In three major cases at the end of June, the Supreme Court has relied upon a “history and tradition” test to define the scope of constitutional rights and federal powers. Writing for the Court in Dobbs v. Jackson Women’s Health Organization, Justice Alito overruled Roe v. Wade held that the Constitution did not protect a right to abortion and that unenumerated rights and liberties “must be deeply rooted in this Nation’s history and tradition and implicit in the concept of ordered liberty,” quoting Washington v. Glucksberg in support. In Kennedy v. Bremerton School District, Justice Gorsuch overruled Lemon v. Kurtzman’s test for a violation of the Establishment Clause and held, “The line that courts and governments must draw between the permissible and the impermissible has to accord with history and faithfully reflect the understanding of the Founding Fathers.” And in New York State Rifle & Pistol Association v. Bruen, Justice Thomas rejected reliance on intermediate scrutiny in considering government regulation of firearms under the Second Amendment, holding that the government must show a firearm regulation is support by the text, “as informed by history,” or “comported with history and tradition.” In each case, the Court expressly or implicitly rejected a tiered scrutiny framework and chose to focus instead on how the scope of the right was historically defined within the Anglo-American tradition.

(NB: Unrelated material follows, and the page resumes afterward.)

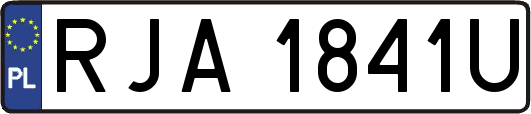 RJA1841U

What do “history and tradition” mean in these contexts, and why should they be important? By this test, the conservative majority intends to ground American law within a broader tradition to avoid the temptation of “living constitutionalism.” Yet these cases also demonstrate the problem of originalist reliance on history only at specifically favored moments in time, rather than incorporating a broader understanding of the tradition in which they are embedded. And if the “history and tradition” test is ultimately not grounded in the legal and philosophical substance of that tradition—the natural law and the Western classical legal tradition, as interpreted by English jurists—then they are at best half-hearted and superficial attempts to recall that tradition and will be easily manipulated in future cases.